My hope was to give you a script to start with and you can learn that APIfu that you've been meaning to get to ;) Just take it line by line and see where you stop getting the data you want.

stevewood
Honored Contributor II
Honored Contributor II

Or, if you'd like to go with an EA that does the search itself, I cobbled this together for you.
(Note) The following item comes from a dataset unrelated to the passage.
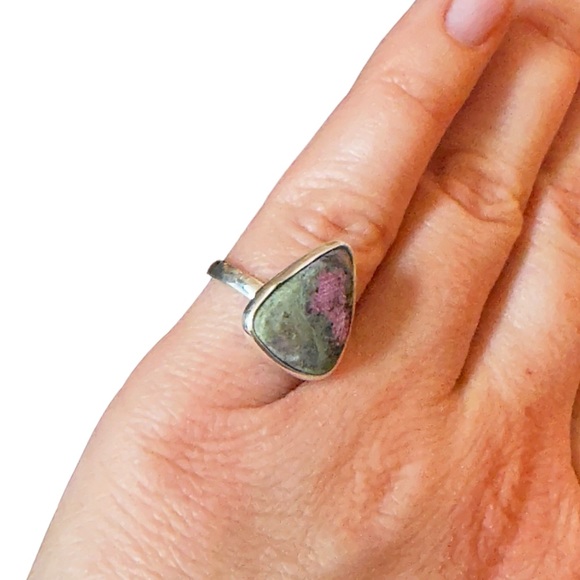 Ruby Zoisite ring in sterling silver 925 size 6 - Picture 4 of 4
Just another reason to practice my Python:

#!/usr/bin/env python

import urllib
import subprocess
import os.path
import xml.etree.ElementTree as ET


jssAPIuser = 'apiuser'
jssAPIpass = 'apipass'
jssURL = 'https://' + jssAPIuser + ':' + jssAPIpass + 
    '@jss.company.com:8443'


def jamf_check():
    if os.path.exists('/usr/sbin/jamf'):
        jamfbin = '/usr/sbin/jamf'
    elif os.path.exists('/usr/local/bin/jamf'):
        jamfbin = '/usr/local/bin/jamf'
    return jamfbin


serial = subprocess.Popen("system_profiler SPHardwareDataType |grep -v tray 
    | awk '/Serial/ {print $4}'", shell=True, stdout=subprocess.PIPE).
    communicate()[0].strip()

url = jssURL + 
    '/JSSResource/computers/serialnumber/' + serial + '/subset/General'
uh = urllib.urlopen(url)
data = uh.read()
tree = ET.fromstring(data)
general = tree.findall('general')
distro_point = general[0].find('distribution_point').text

print '<result>' + str(distro_point) + '</result>'

dpertschi
Valued Contributor

@thoule definitely a good start for me and I'll be picking through it piece by piece to debug here.
@stevewood I'm lucky enough when I can bash through a door, python makes me nervous. But likewise, good example so thanks for that.